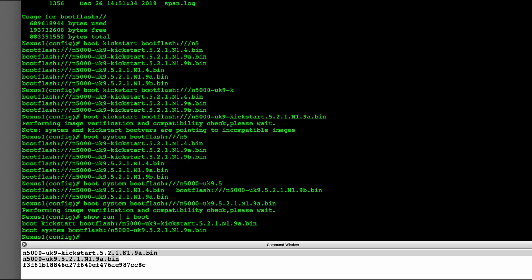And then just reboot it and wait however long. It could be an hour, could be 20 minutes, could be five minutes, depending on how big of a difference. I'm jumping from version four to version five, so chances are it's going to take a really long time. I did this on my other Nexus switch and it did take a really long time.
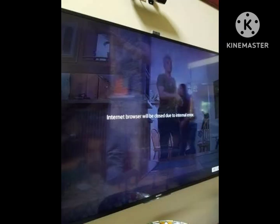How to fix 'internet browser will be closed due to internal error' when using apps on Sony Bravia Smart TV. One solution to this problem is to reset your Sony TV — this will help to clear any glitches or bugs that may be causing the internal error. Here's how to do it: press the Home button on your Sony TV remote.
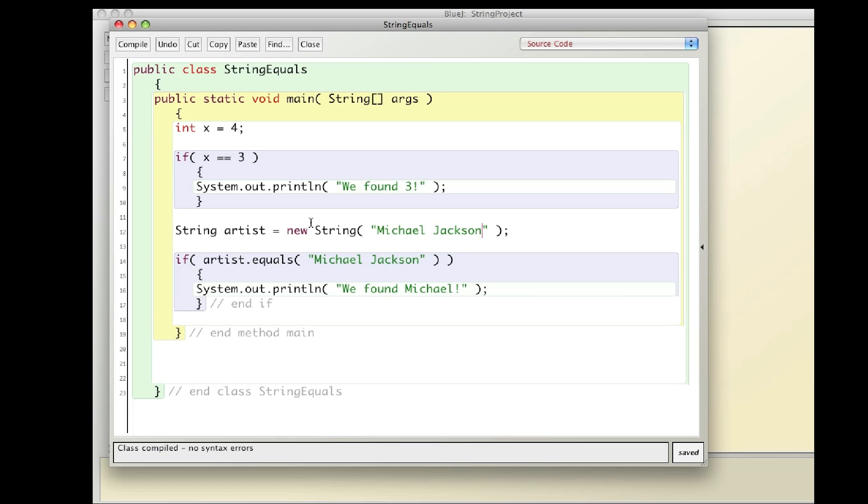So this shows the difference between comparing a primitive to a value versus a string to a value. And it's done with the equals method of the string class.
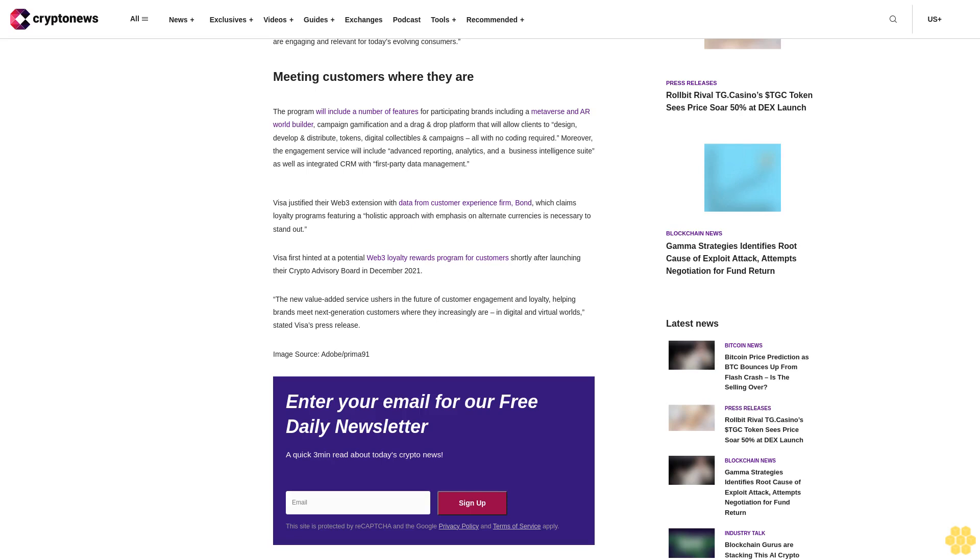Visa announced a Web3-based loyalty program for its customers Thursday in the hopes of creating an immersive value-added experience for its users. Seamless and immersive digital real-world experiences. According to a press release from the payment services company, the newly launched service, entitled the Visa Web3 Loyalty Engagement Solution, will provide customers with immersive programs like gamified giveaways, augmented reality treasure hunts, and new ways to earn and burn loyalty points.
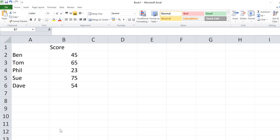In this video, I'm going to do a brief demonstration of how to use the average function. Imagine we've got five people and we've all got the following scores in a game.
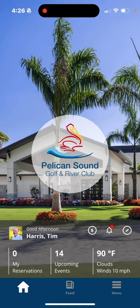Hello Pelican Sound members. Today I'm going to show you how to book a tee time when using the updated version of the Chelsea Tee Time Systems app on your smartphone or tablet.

==================================================

YOUR TASK => Without any pictures, please write out the lines from the one containing "How to fix 'internet" through the final line of the data, exactly and inclusive of both ends.

EXERCISE ANSWER =>
How to fix 'internet browser will be closed due to internal error' when using apps on Sony Bravia Smart TV. One solution to this problem is to reset your Sony TV — this will help to clear any glitches or bugs that may be causing the internal error. Here's how to do it: press the Home button on your Sony TV remote.
So this shows the difference between comparing a primitive to a value versus a string to a value. And it's done with the equals method of the string class.
Visa announced a Web3-based loyalty program for its customers Thursday in the hopes of creating an immersive value-added experience for its users. Seamless and immersive digital real-world experiences. According to a press release from the payment services company, the newly launched service, entitled the Visa Web3 Loyalty Engagement Solution, will provide customers with immersive programs like gamified giveaways, augmented reality treasure hunts, and new ways to earn and burn loyalty points.
In this video, I'm going to do a brief demonstration of how to use the average function. Imagine we've got five people and we've all got the following scores in a game.
Hello Pelican Sound members. Today I'm going to show you how to book a tee time when using the updated version of the Chelsea Tee Time Systems app on your smartphone or tablet.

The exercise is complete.